The research found the revised program could be delivered weekly without compromising health outcomes or attendance, and it led to the program frequency being changed. This resulted in substantial cost efficiencies, allowing savings to be diverted to other needed health programs.
“There were logistical challenges in rolling this large trial out across 53 program sites and 11 local health districts, but the strong evidence base meant that the policy change was accepted,” Dr Khanal said. “It also means that the program is now more accessible to families, which is a good result. The question of what is the minimum attendance at paediatric obesity programs is an under-researched area and once this work is published we expect it is going to stimulate more discussion on the topic.”

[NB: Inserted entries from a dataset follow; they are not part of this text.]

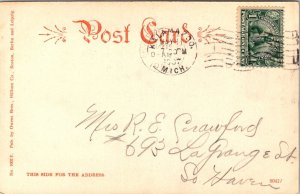 Postcard Kalamazoo College in Kalamazoo, Michigan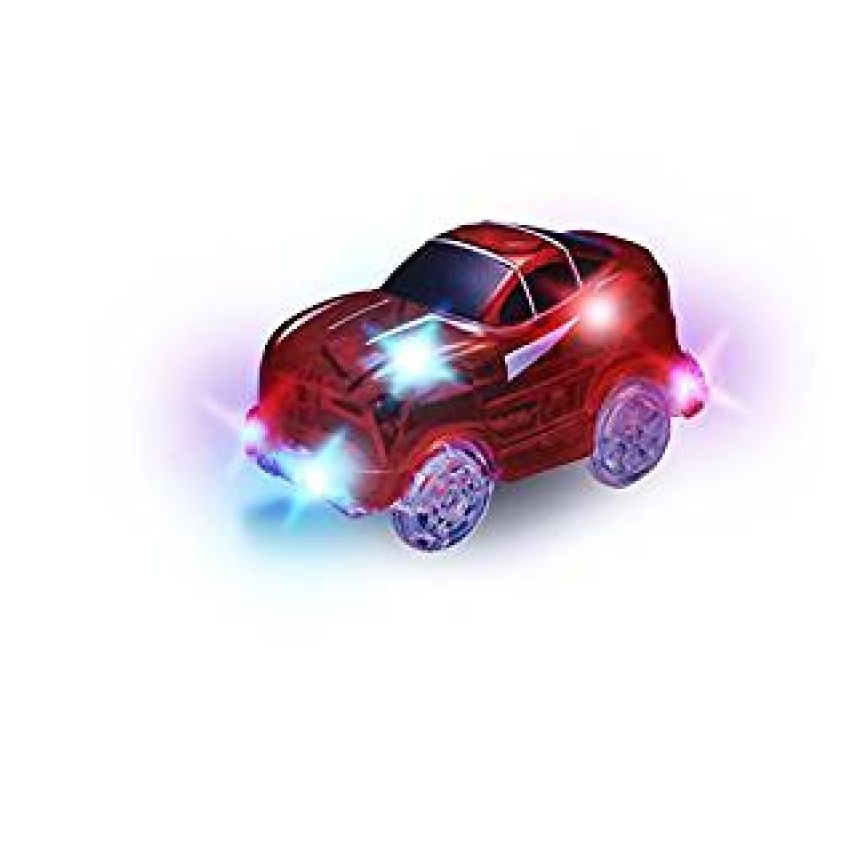 Magic Tracks Rennwagen Rot mit 5 LEDs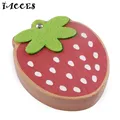Baby Tooth Box Cute Strawberry Wooden Building Toys Baby Save Milk Teeth Wood Storage Box Great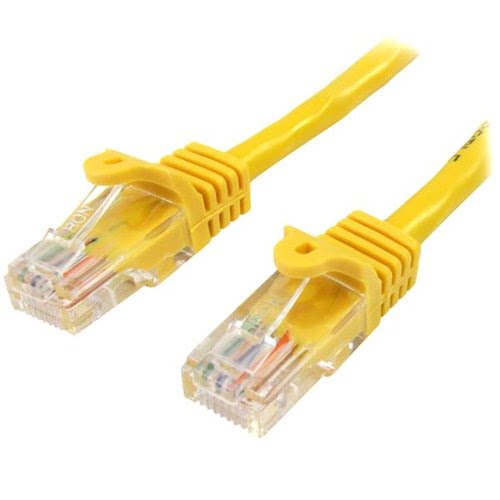 1m Yellow Snagless UTP Cat5e Patch Cable - Achat / Vente sur grosbill.com - 0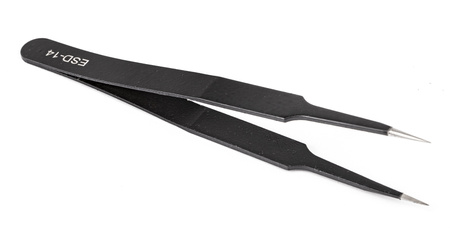 Zestaw pęset metalowych ESD 9 elem. w etui FALON-TECH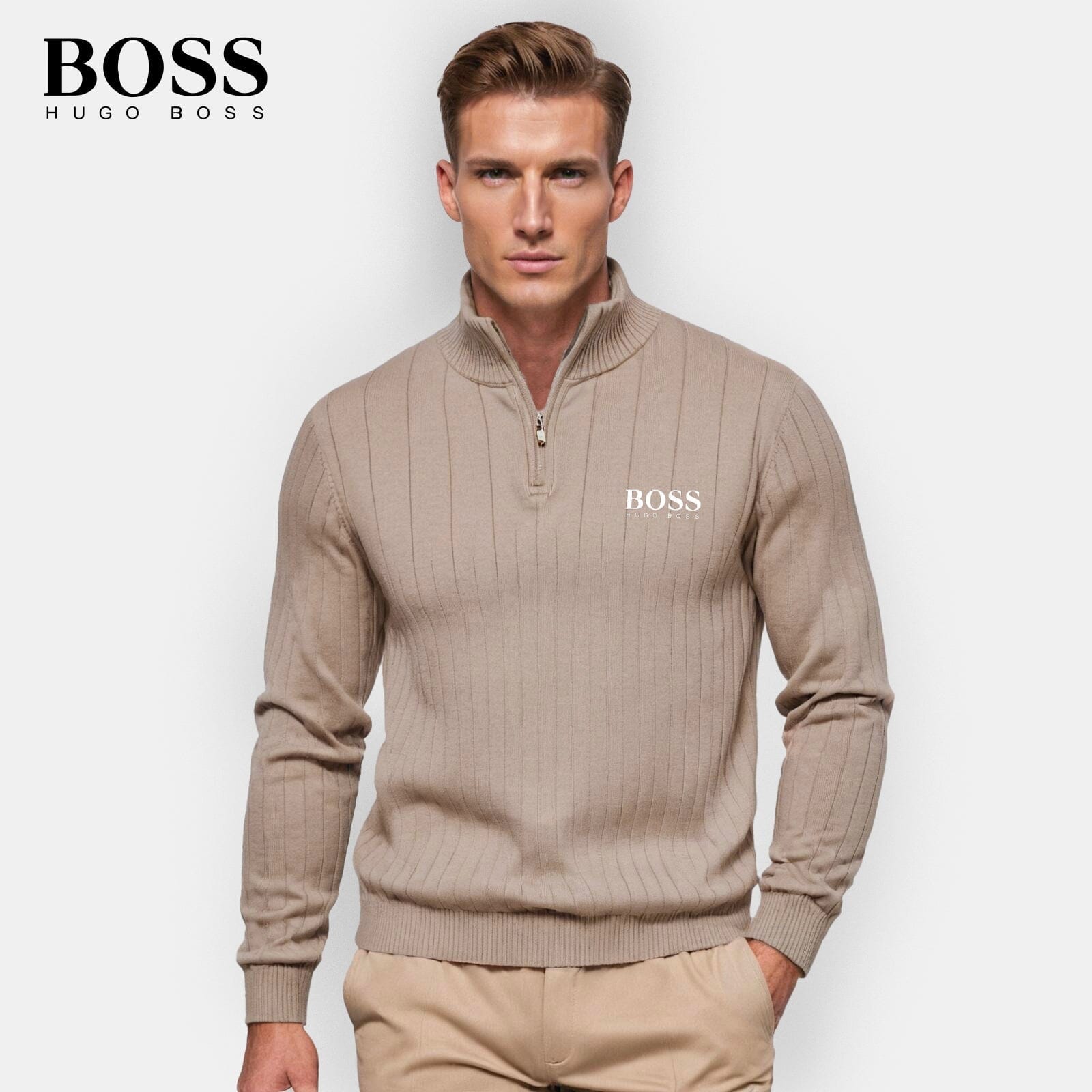 Men’s Full-Zip Sweater (Clearance)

Video interview: http://youtu.be/i-RMigrxfaY
About the Sax Institute
The Institute unlocks the potential of research to have a real-world impact and connects decision makers and researchers in an effort to build better health systems. It is a non-profit, public good organisation with a membership base of 45 public health and health services research groups and their universities. The 2015 Research Action Awards were open to Sax Institute member organisations or employees of NSW Health who conduct public health or health services research.